In recent days, I have received letters from many of them asking
Congress to do the right thing, and I will be submitting some of those
for the Record. You see, they know what it was like before. They
remember living just blocks from great schools, but feeling miles away
from them, and all they did was ask us to have a chance to have the
same kind of education that kids down the street were getting. There is
no controversial idea here. It is the American way.
So if we are serious about bipartisan education reform, we should
start by saving this successful bipartisan program that has helped so
many underprivileged children here in D.C. get a chance at a quality
education. I urge the House to support and save this important program.
March 29, 2011.
Dear Speaker Boehner, I want to thank you for spending so
much time and energy on a cause that does not benefit you but
helps me and a lot other DC children.
I was a lucky one. I had the opportunity to be a scholar
and it worked! I was accepted into Archbishop Carroll and
Bishop McNamara High School. I'm proud of my success. One day
I would like to attend Spellman College. When I get to
college I know it will be because of the solid foundation I
received in my elementary school. The foundation for my
future was possible because of my scholarship.

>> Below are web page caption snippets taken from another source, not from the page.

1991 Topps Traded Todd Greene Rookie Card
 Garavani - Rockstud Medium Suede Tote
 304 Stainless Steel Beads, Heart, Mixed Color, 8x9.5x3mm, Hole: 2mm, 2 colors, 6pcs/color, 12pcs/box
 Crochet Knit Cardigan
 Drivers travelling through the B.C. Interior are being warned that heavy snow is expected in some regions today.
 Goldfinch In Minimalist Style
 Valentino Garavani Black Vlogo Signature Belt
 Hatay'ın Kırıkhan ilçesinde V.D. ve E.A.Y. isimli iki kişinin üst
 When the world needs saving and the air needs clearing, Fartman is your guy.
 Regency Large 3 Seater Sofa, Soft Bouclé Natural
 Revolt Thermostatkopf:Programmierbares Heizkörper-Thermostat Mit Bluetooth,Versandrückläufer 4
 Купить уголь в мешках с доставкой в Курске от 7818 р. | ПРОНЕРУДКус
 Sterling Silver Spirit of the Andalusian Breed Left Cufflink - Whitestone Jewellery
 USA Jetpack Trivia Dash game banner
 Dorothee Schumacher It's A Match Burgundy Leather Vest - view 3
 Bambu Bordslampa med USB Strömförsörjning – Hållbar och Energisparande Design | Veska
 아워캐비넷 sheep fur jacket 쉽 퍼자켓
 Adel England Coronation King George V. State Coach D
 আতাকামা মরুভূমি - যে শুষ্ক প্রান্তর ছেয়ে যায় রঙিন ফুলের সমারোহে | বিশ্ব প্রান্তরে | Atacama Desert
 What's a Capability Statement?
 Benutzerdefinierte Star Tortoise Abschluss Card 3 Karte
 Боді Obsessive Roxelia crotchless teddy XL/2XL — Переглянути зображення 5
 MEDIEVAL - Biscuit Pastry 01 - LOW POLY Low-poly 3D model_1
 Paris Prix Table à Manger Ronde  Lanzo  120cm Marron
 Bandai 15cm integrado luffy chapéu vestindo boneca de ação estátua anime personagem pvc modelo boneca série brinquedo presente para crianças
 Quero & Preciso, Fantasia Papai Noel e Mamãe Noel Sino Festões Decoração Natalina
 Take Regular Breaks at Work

Again, thank you for fighting to save the Opportunity
Scholarship. I know you care about us and I wish you a lot of
good luck!
Sincerely,
Samaya Mack,
8th grade,
St. Anthony Catholic School.
____
March 29, 2011.
Dear Mr. Speaker, my name is Katherine Campos and I am a
recipient of the Opportunity Scholarship. I am an eighth
grader at Sacred Heart School and have received the
scholarship for the past six years.
I want to thank you from the bottom of my heart for
introducing the SOAR Act to Congress. I know that you really
believe in the Opportunity Scholarship and that means the
world to me. I believe in the scholarship, too.
The scholarship has offered me an escape from some of the
harsher realities of the city. It has offered me a chance to
grow in my spirituality and academics because it allowed my
mom to choose Sacred Heart for me. My family is happy now
that I have a better chance of getting into a good high
school. Without the scholarship, I wouldn't be where I am
today and I wouldn't have as much hope for tomorrow. I know
that I am better prepared for a successful future because I
am a recipient of the Opportunity Scholarship.
Thank you, Mr. Speaker, for all that you are doing to help
me and all the other scholarship recipients. You really do
make a difference in my world.
Sincerely,
Katherine Campos,
8th grade,
Sacred Heart School.
____
March 29, 2011.
Dear Mr. Speaker, We met for the first time at the State of
the Union. Remember you gave me advice on giving interviews?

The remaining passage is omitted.